Welcome to 2023.
It was exactly one year ago that the S&P 500 hit its peak, closing at a record high of nearly 4,800. The broad index is down nearly 21 percent since that peak. The 19.4 percent decline for all of 2022 makes it the worst calendar year since 2009. If you count just from the January 3rd peak to the October trough, the market fell by slightly more than 25 percent.
The traditional diversification strategy of putting 60 percent of your portfolio in stocks and 40 percent in bonds was not much help last year. Government bonds sank something like 18.3 percent for the year and investment grade corporate bonds fell by 16.1 percent. A Bloomberg index tracking the 60/40 mix fell by around 17 percent as stocks and bonds fell sharply. Bond prices move in the opposite direction of yields, so the Federal Reserve rate cuts were a massive negative for bonds last year.

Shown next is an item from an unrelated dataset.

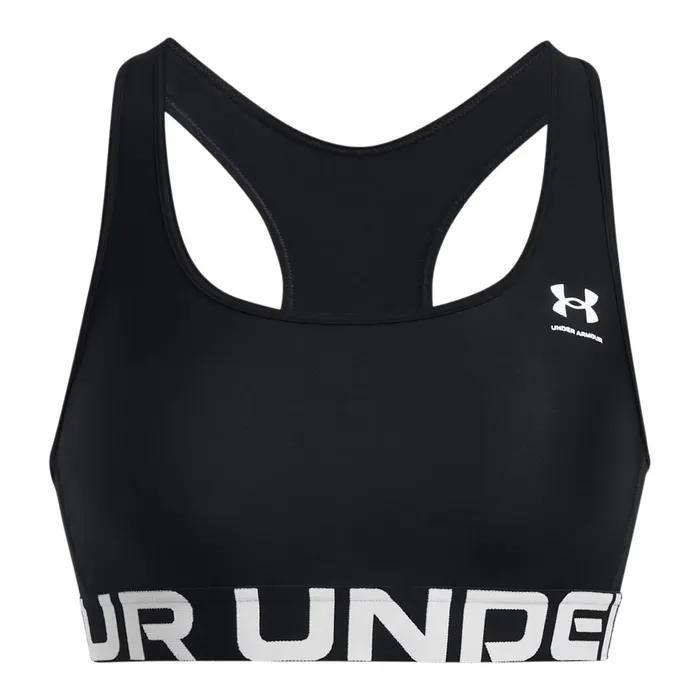 Under Armour HeatGear Mid Branded Sportbeha Dames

There was nowhere to hide. Global equity markets fell by 19.8 percent, according to analysts at Bank of America. That’s the worst performance since 2008. They had been down by as much as 27 percent before the fourth-quarter rally.

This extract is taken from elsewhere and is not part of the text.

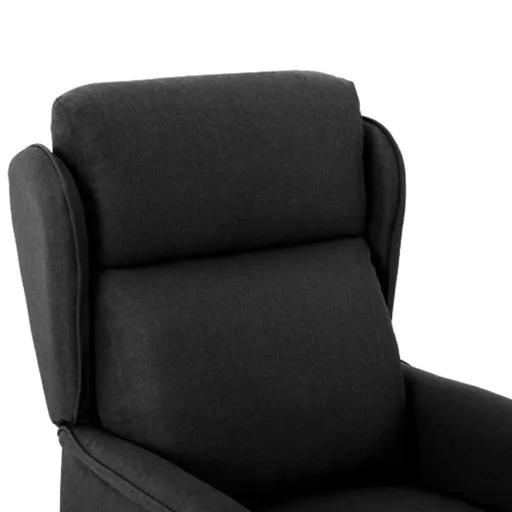 Fotel ágy Fekete 66.5 x 94 x 101.5 cm Poliészter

We begin the new year with widespread expectations of a recession. According to a survey by the Wall Street Journal, more than two-thirds of economists at 23 major financial institutions are forecasting a recession in 2023. Some of those not forecasting a recession next year simply believe it will take more time and are forecasting a 2024 recession. Kristalina Georgieva, the head of the International Monetary Fund, says that nearly one-third of the world economy will be in a recession next year. For good measure, she adds: “Even countries that are not in recession, it would feel like recession for hundreds of millions of people.”
Michael Burry, the investor made famous by the Michael Lewis book The Big Short and the film version in which he was portrayed by Christian Bale, takes it a step further. Around a half hour before midnight on the first day of the year, Burry tweeted out his prediction that the downturn will bring on a new round of fiscal and monetary stimulus, triggering another spike in inflation, presumably in 2024.

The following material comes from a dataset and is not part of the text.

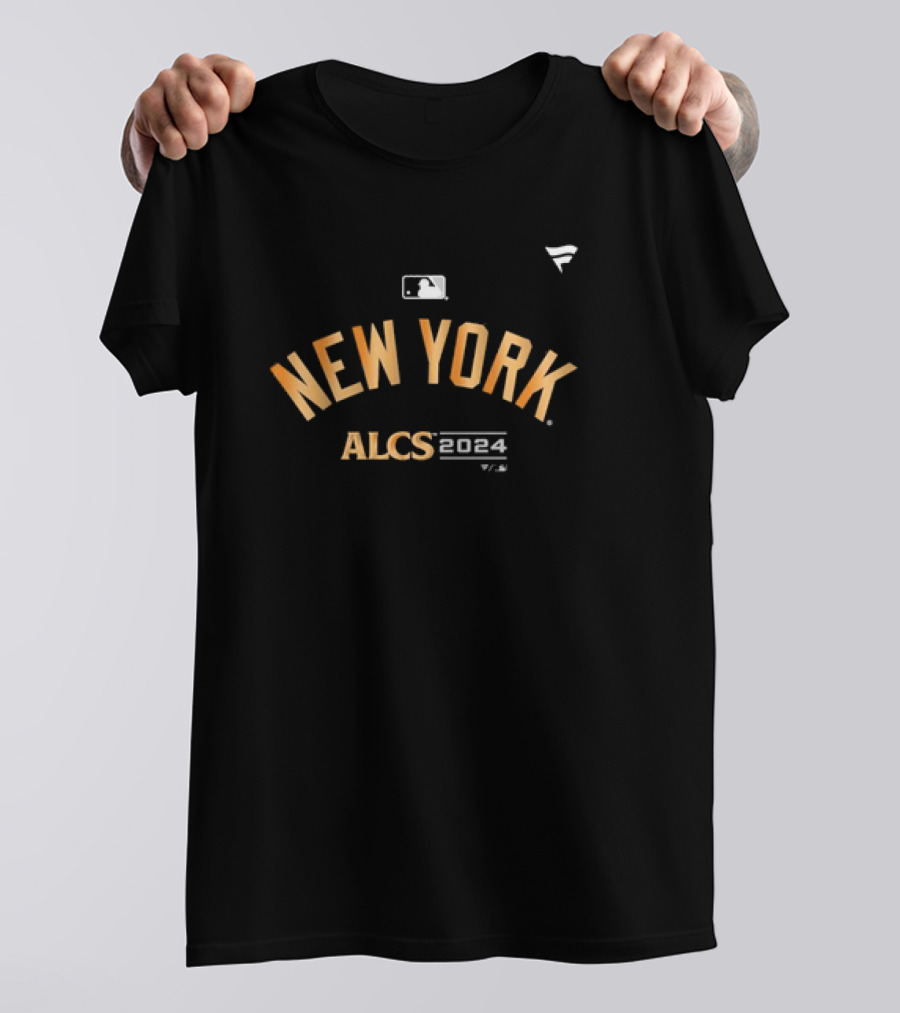 New York Yankees MLB ALCS 2024 Baseball Logo Fan Gear T-Shirt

Wall Street seems convinced that Burry is at least half-right. Bond market indicators imply that the Fed will stop short of its current forecast to hike rates above five percent and begin cutting rates in the back half of next year. That is to say, the bond market is fighting the Fed. Underlying these prices is the view that inflation is likely to come down rapidly enough to allow the Fed to attempt to rescue the economy from the looming recession with rate cuts.
This would, in theory, be good for both stocks and bonds, playing out 2022’s correlated move in reverse. Wall Street is pretty convinced next year will be a good year for government bonds. Michael Hartnett of Bank of America has pointed out that government bonds have lost value for two straight years. Three straight years of losses have never occurred—so history suggests gain. On stocks, however, Wall Street is intensely bearish still. Of course, overwhelming bearishness among Wall Street analysts is historically a contrary indicator.
The view that the Fed will cut because inflation will fade rapidly may be overly simplistic. Fed officials—particularly Chairman Jerome Powell—are acutely aware of past episodes in which the Fed reversed course in an anti-inflationary rate cycle too early, triggering even worse inflation. Powell may prove more hawkish than markets expect. And the economic data may continue to show the economy is extremely volatile rather than smoothly sliding into a slump. The latest evidence for this came from the November construction spending number, which unexpectedly showed spending growing—in part because of surge in spending on manufacturing facilities. That followed a report released 15 minutes earlier by S&P Global indicating the worst slump in manufacturing since May 2020.
Last year began with a consensus about markets, economic growth, and inflation that was wrong in every important aspect. It’s worth considering that this year’s consensus might not be any better.